As Laing becomes embroiled in an escalating series of indiscretions, including several affairs, kidnappings, and a murder, an increasingly violent tribalism takes hold on the residents in the building. One begins to wonder where the picture, and its all-too-relevant themes of consumerism and class anxiety run amok, will land. Although it loses focus in the end, the sense of impending social disruption remains potent.

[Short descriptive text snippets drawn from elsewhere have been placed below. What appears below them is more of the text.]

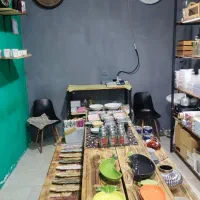 میز وسط مغازه درحد نو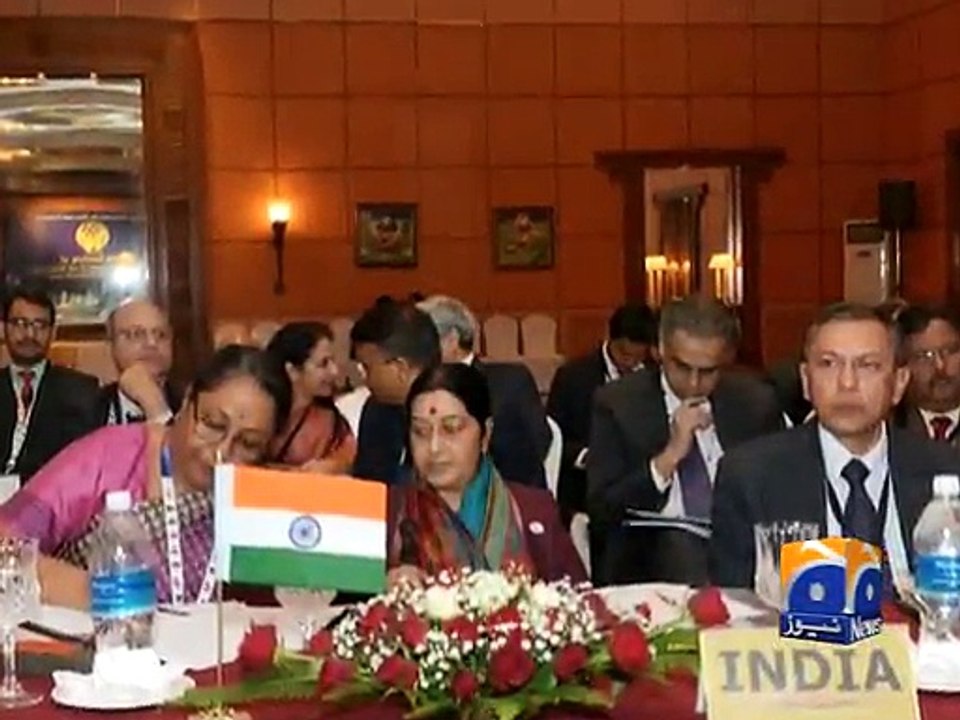 Nawaz Sharif reaches Khatmandu for SAARC conference-Geo Reports-25 Nov 2014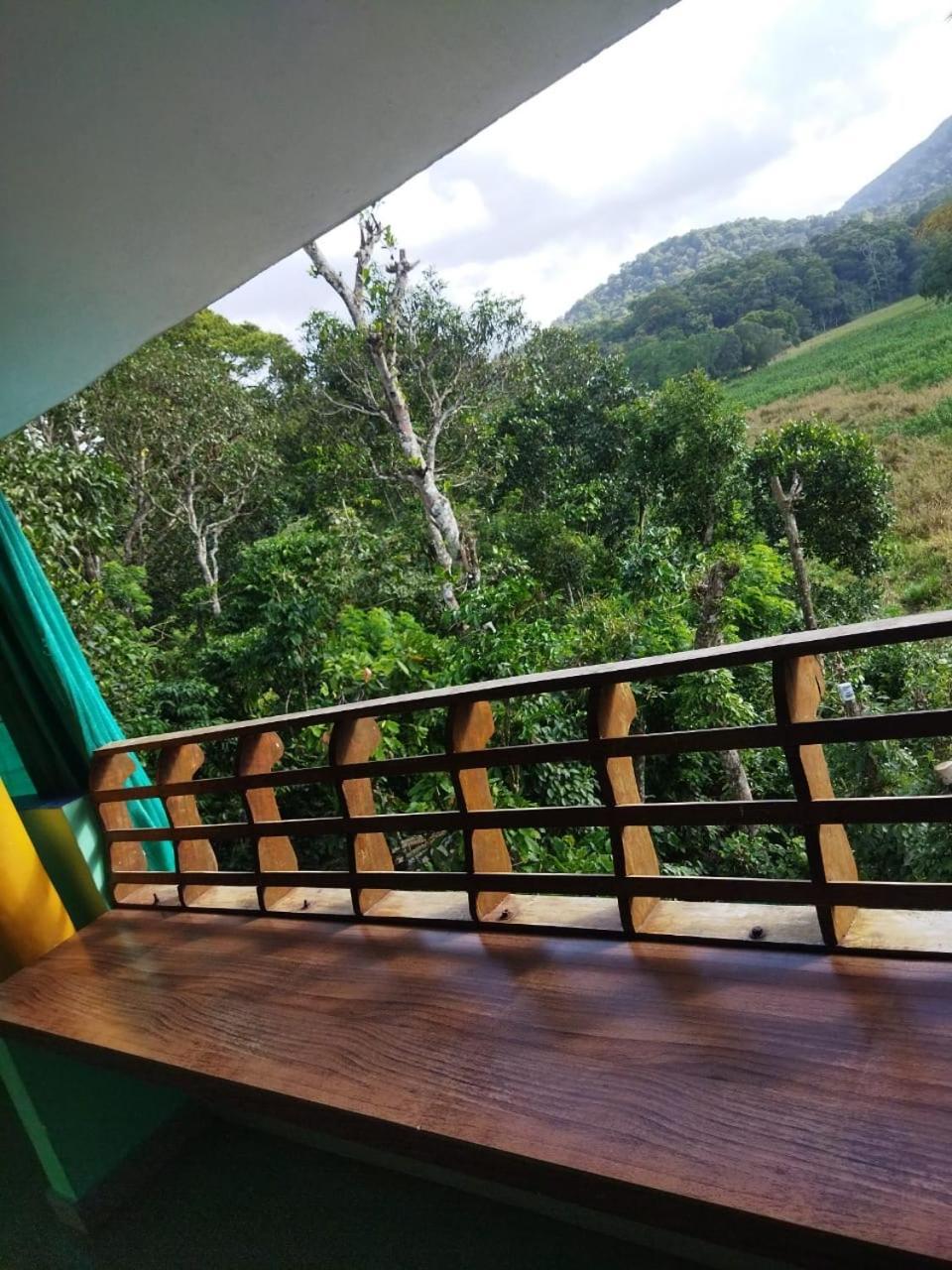 Hill Green Home Stay Thekkady Exteriér fotografie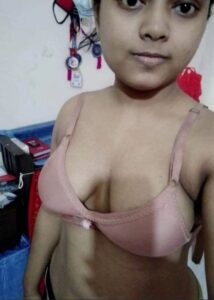 thick andhra college girl nude big boobs selfies 003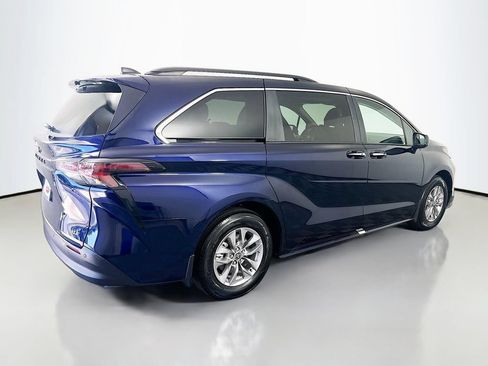 Certified 2026 Toyota Sienna XLE FWD image 5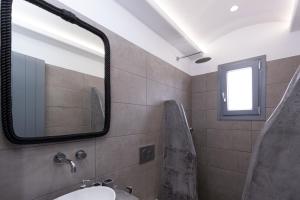 Koupelna v ubytování verykokkos collection suites mikri vigla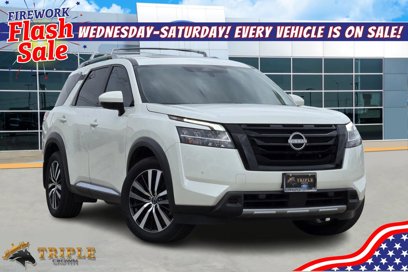 Used 2023 Nissan Pathfinder Platinum w/ Black Appearance Package
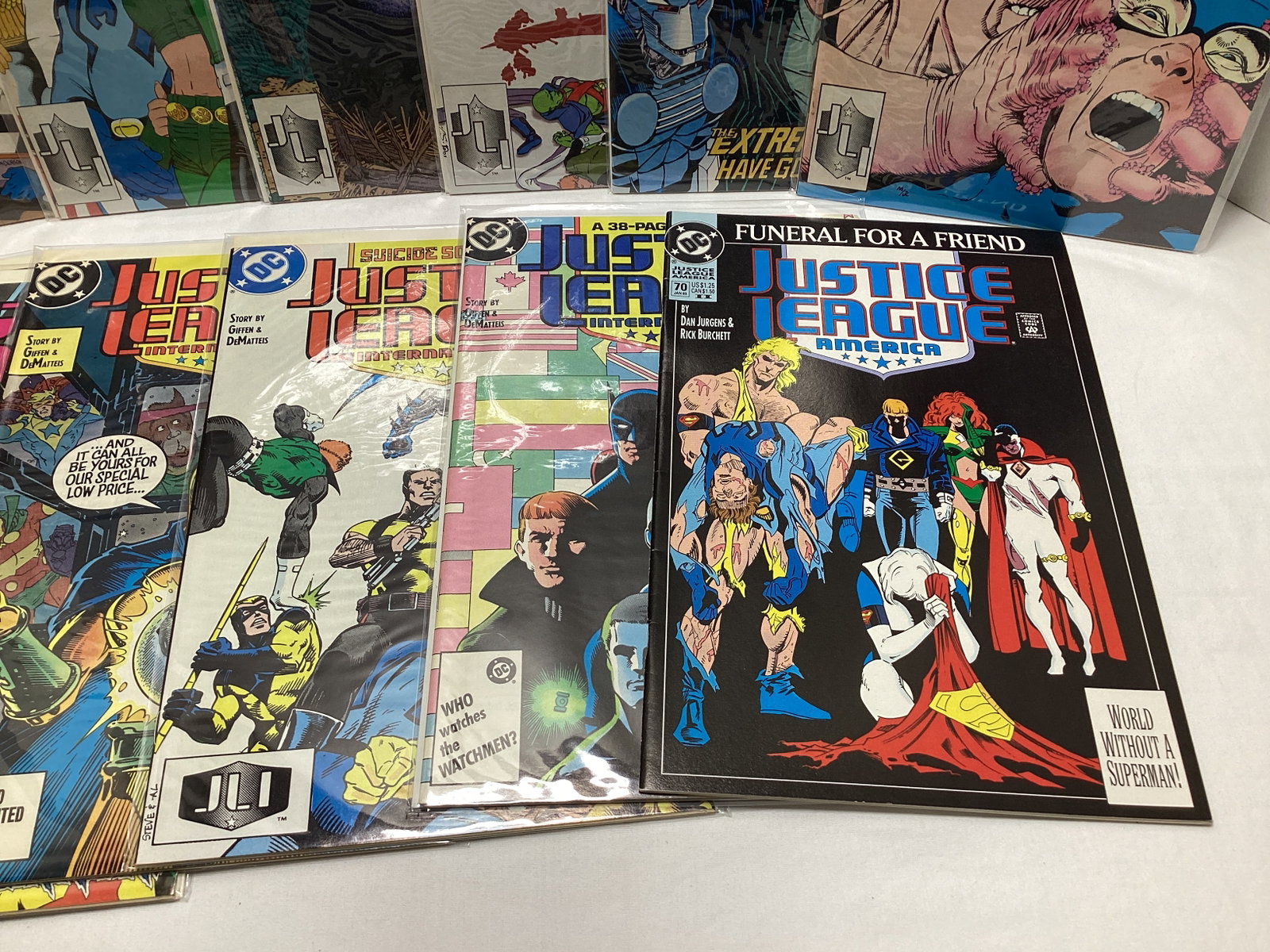13 Justice League of America DC Comic Books - 5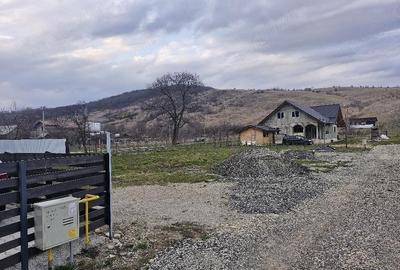 Teren de 650 mp, în Central - 3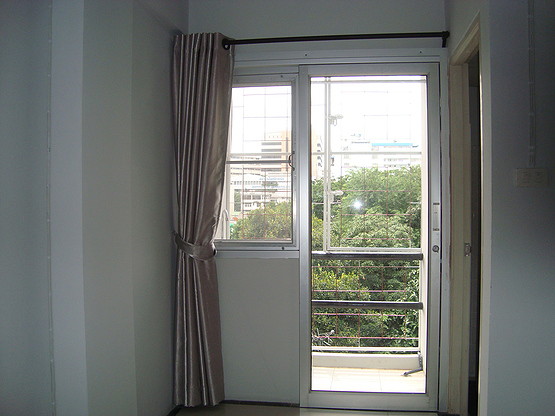 Condo · bangkok — photo 3
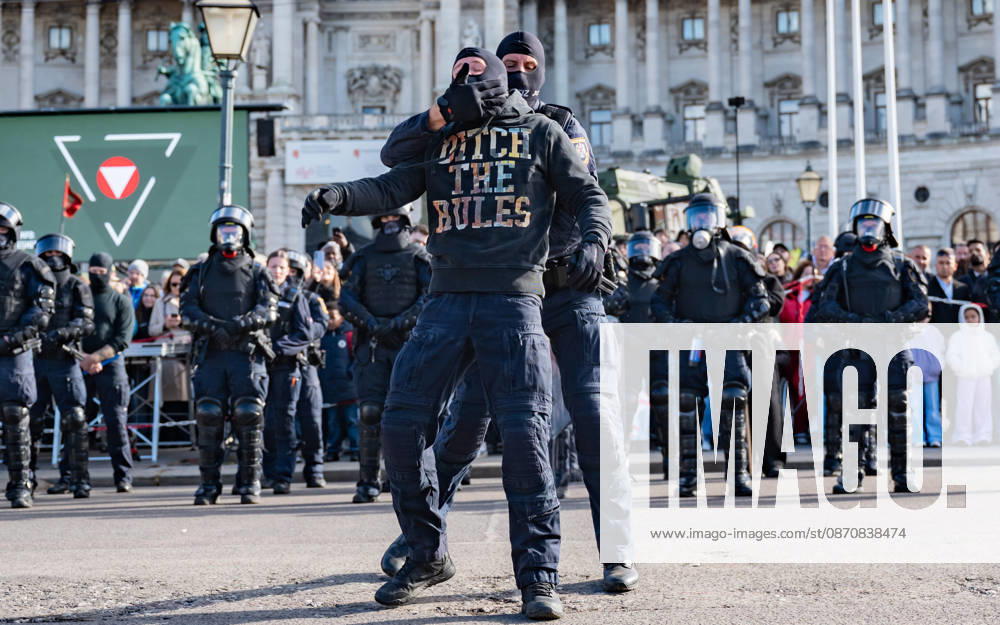 Official celebrations for the 2026 Austrian National Day Oath-taking ceremony during the official celebrations for the 2026 National Day at Heldenplatz in Vienna, Austria The Prison Guard Special Operations Unit (JEG) during a demonstration in Vienna at Heldenplatz, Vienna, Austria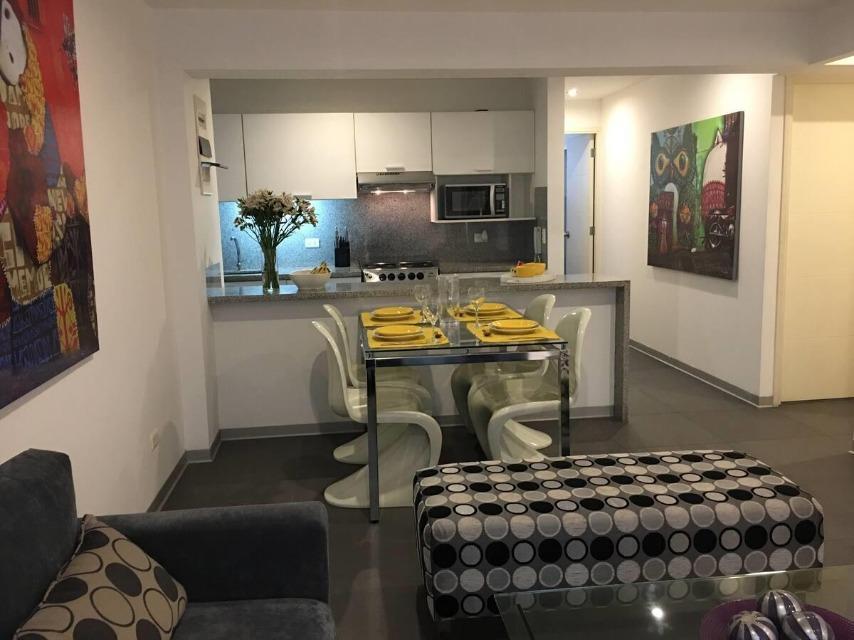 Alquilo Departamento Equipado de 70 m², 2 Dormitorio, Cerca Al Ovalo Gutierrez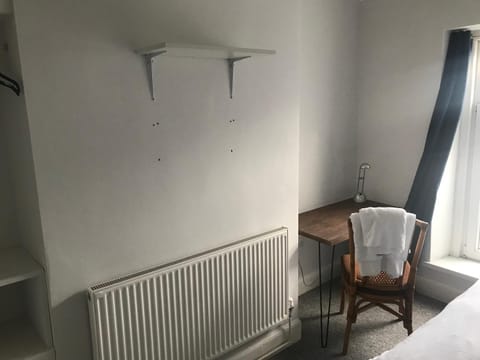 Budget Basic Room Mount Pleasant Share Facility R2 Vacation rental in Swansea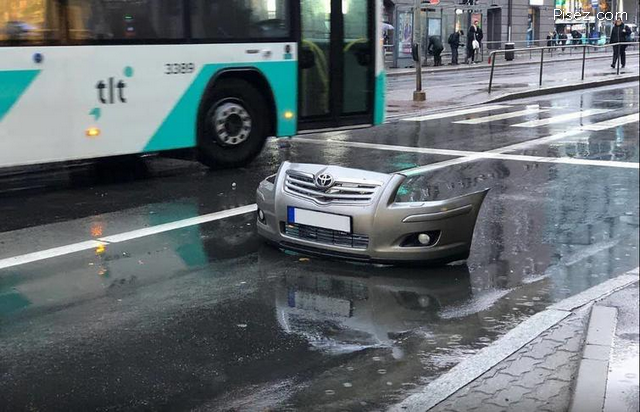 Автомобильные приколюхи дня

It's fitting that Margaret Thatcher, a woman who didn't believe in "society" and brutally led Britain out of the difficult era that inspired the movie, is the last voice on the film's soundtrack at picture's end.

"The films I've made have always been connected to the current situation," Wheatley explained. "The state can break the law and justify it by saying, 'Oh, we thought we were doing the right thing,' whereas if I go rob a bank because I think money is free, they tend to put me in jail for it."

"Is the class war going to start soon?" I asked. It's not the sort of question one generally issues shortly after meeting someone, but the director seemed like the type who wouldn't flinch. The fancy bar we were in gave my question some bite—we were in one of the most expensive hotels in the capital of the country with the highest standard of living in the world. Five-hundred-dollar shoes were everywhere I looked at the foot of the bar. I was the only person of color in sight.

"It's started, isn't it?" Wheatley replied, a watery twinkle in his blue eyes. The auteur nursed a hangover with an iced seltzer and some nuts he was mostly ignoring. We shared a grim laugh. If High-Rise is any indication, those are Ben Wheatley's favorite kind.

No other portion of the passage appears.